Bessent's market math
Add Axios as your preferred source to
see more of our stories on Google.


Treasury Secretary Scott Bessent broke with orthodoxy Sunday when he said corrections in stocks were "healthy" and an antidote to "euphoric" market action.
The big picture: Over the long run, he's not necessarily wrong.
What they're saying: "I've been in the investment business for 35 years, and I can tell you that corrections are healthy. They're normal. What's not healthy is straight up, that you get these euphoric markets.
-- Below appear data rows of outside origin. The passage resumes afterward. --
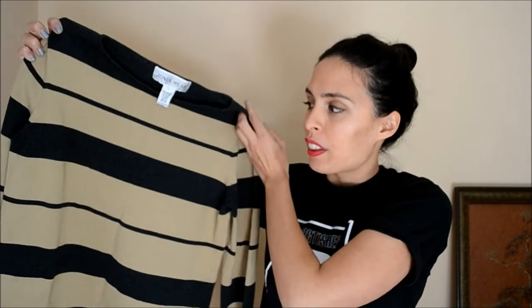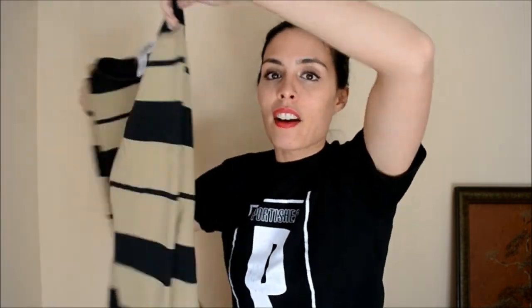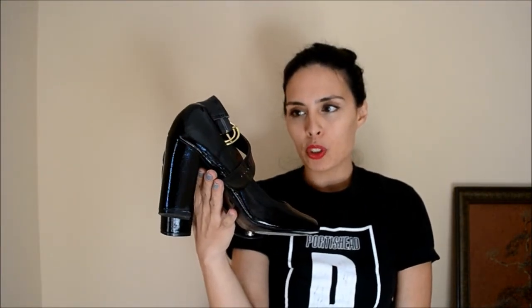Moving on to thrifted pieces from Goodwill — the first thing is a basic: a striped long-sleeve top in heavy thick cotton with camel and black stripes. I can see myself wearing it a ton; it goes with nearly everything. The next things are these great chunky heels by Forever 21 with a big circular hardware detail on the side and ankle straps. They kind of look like doll shoes — that chunky heel is something I've been looking for. These were five bucks.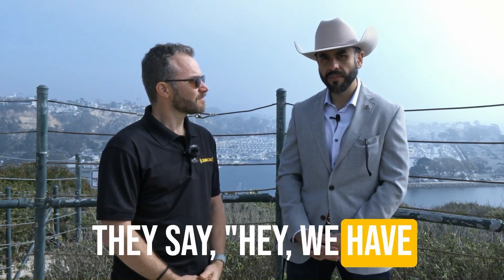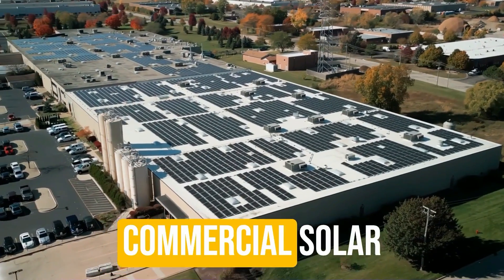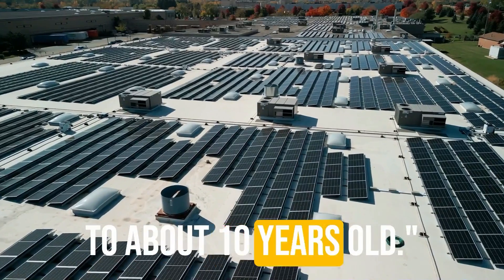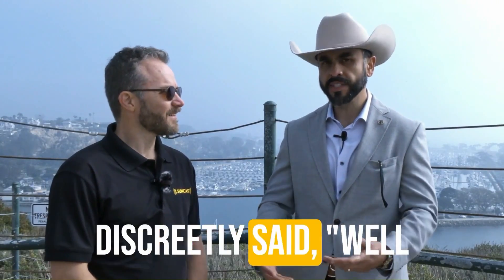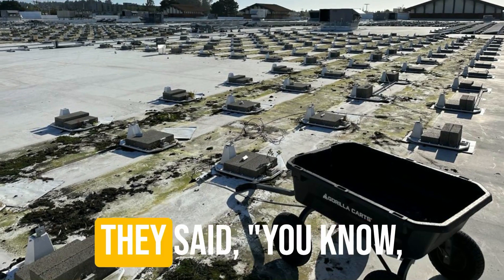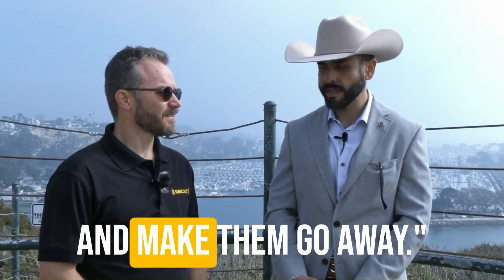So I get a big client and they say, hey, we have this legacy rooftop commercial solar system getting close to about 10 years old. And I say, okay, well, what do you want to do with the panels? And they just really said, we'll get rid of them however you think. And they gave me a budget. They said, here's 10 grand and make them go away.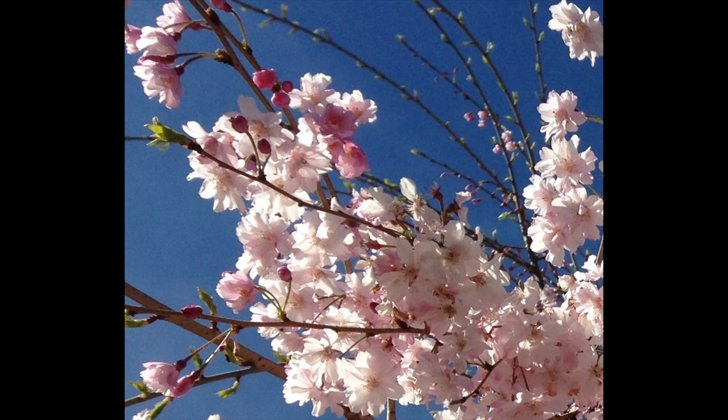As you walk around your neighborhood, look for the delicate cherry blossoms. They bloom before the leaves appear on the trees, highlighting their beauty, especially in sunlight. Aren't they delightful to view while walking in warm spring weather?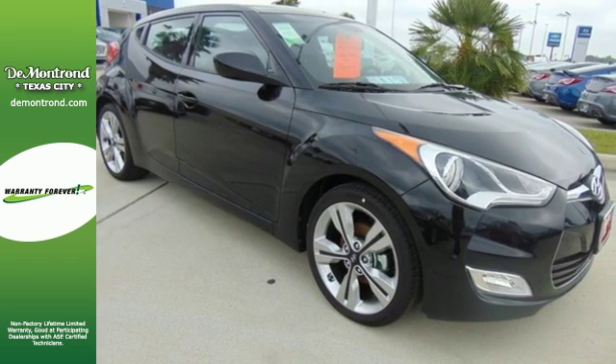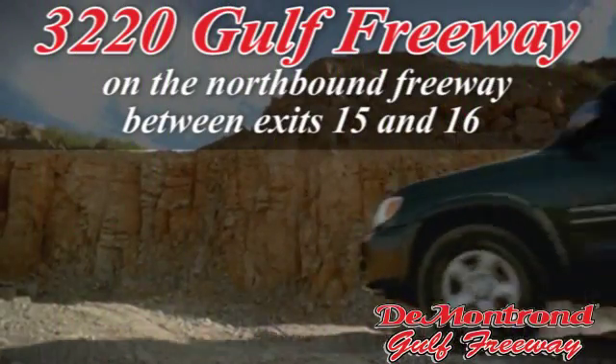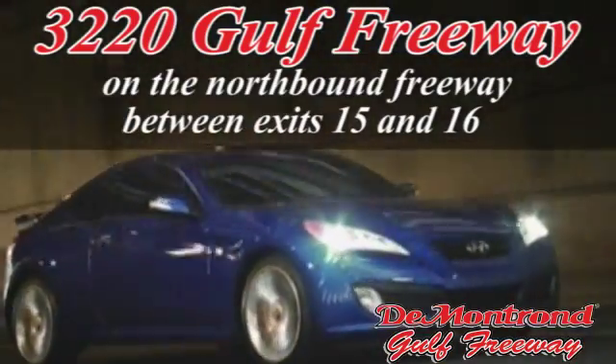Hurry in and take it for a test drive. Demantron, home of the warranty forever — true peace of mind forever. Conveniently located just south of Houston at 3220 Gulf Freeway on 45 toward Galveston.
That's how you get a financial crisis," Bessent told NBC's "Meet the Press" Sunday.
Zoom in: Corrections, or a 10% decline in the market from its recent peak, are pretty common.
- They've happened dozens of times in the S&P 500 in recent decades, most recently starting last Thursday.
Between the lines: Since World War II, such corrections have only deteriorated into bear markets (a 20% decline) about a quarter of the time, Carson Investment Research's Ryan Detrick noted on X.
- In other words, more often than not, the market bounces back.
By the numbers: In a correction, on average the market takes five months to fall from peak to bottom, and then four months to bounce back, per Clearnomics data shared by Covenant Wealth Advisors.
- After that, markets tend to rise strongly.
- On average, between 1997 and 2020, stocks were up 32% one year after a correction, per data from Gateway Financial Advisors.
The bottom line: Past performance is no guarantee of future results — but it may be a reason to worry a little less.